--- INPUT DATA ---

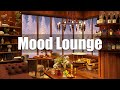 Happy Mood Lounge Music - Positive January With Smooth Jazz Music &amp; Fireplace Sound For Good Energy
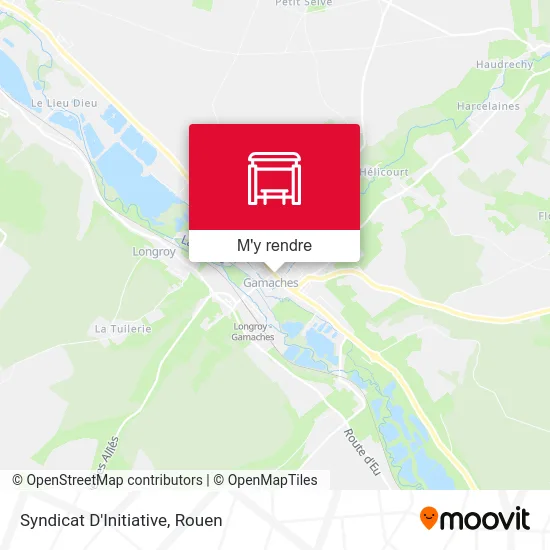 Syndicat D'Initiative plan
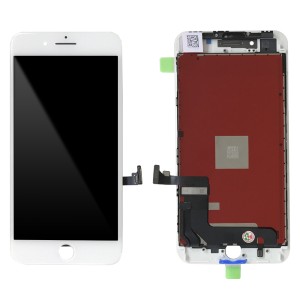 iPhone 8 Plus - LCD Digitizer White  Take Out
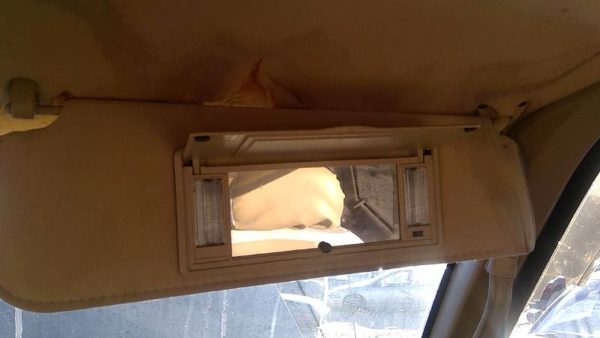 1985-1997 Chevy Astro Passenger Right Sun Visor Oem Tan — photo 10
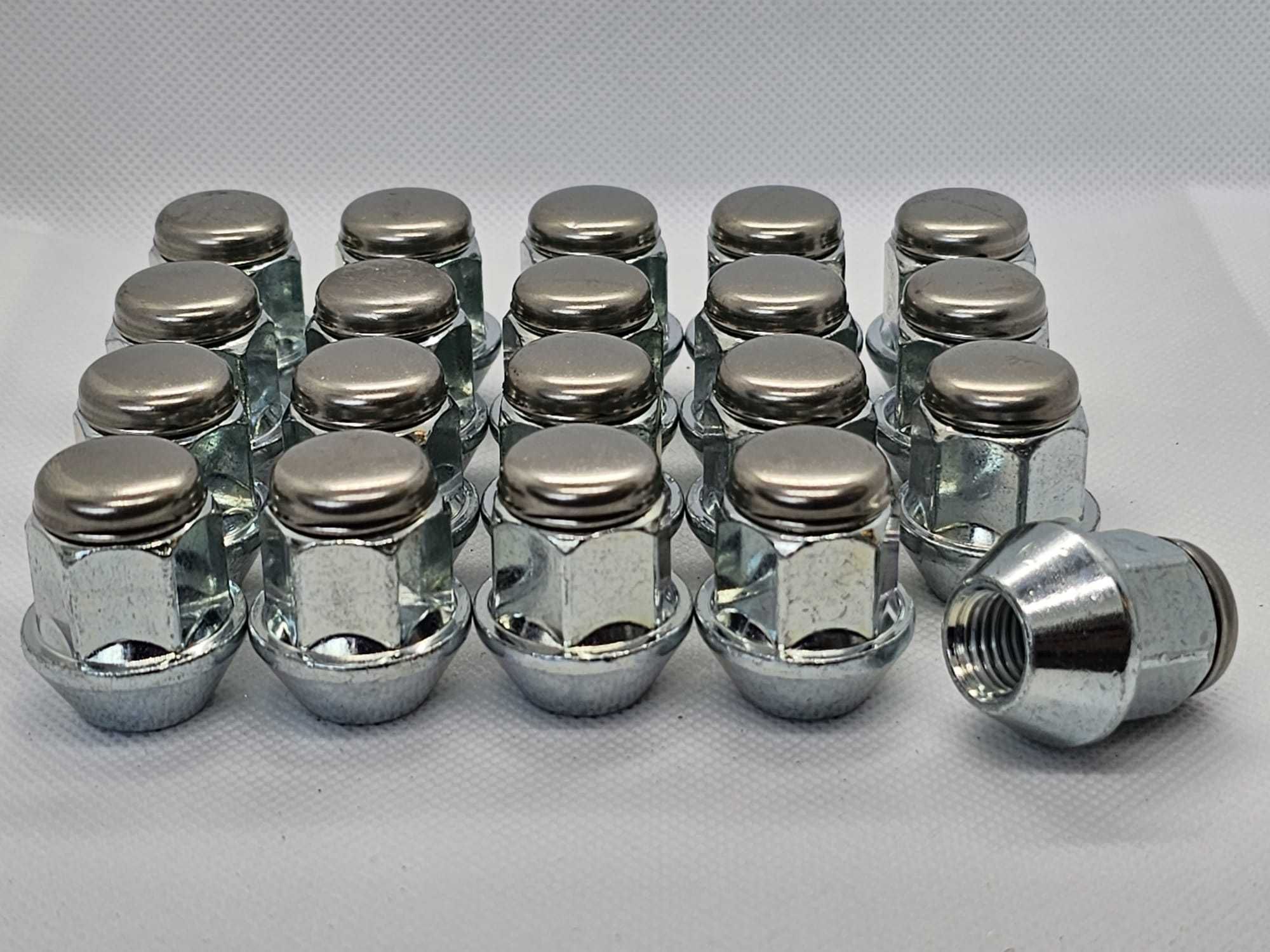 20x Nakrętki 12x1,5 Ford Focus MK3 MK4 Mondeo MK5 Puma 2 Kuga II III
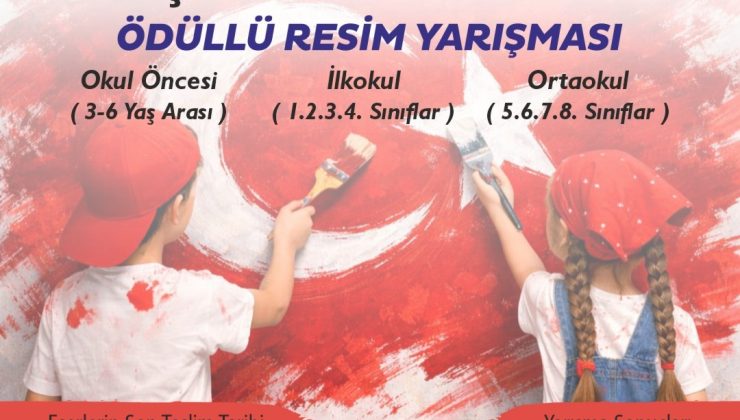 23 Nisan Temalı ödüllü resim yarışması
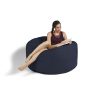 Jaxx Saxx 4' Removable Cover Round Bean Bag - Image 23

---

**WHAT IS EXPECTED**
Retype, please, exactly the lines that begin with the one containing "20x Nakrętki 12x1,5" and end at the last line of the entries above, both included, leaving out pictures.

**EXPECTED ANSWER**
 20x Nakrętki 12x1,5 Ford Focus MK3 MK4 Mondeo MK5 Puma 2 Kuga II III
 23 Nisan Temalı ödüllü resim yarışması
 Jaxx Saxx 4' Removable Cover Round Bean Bag - Image 23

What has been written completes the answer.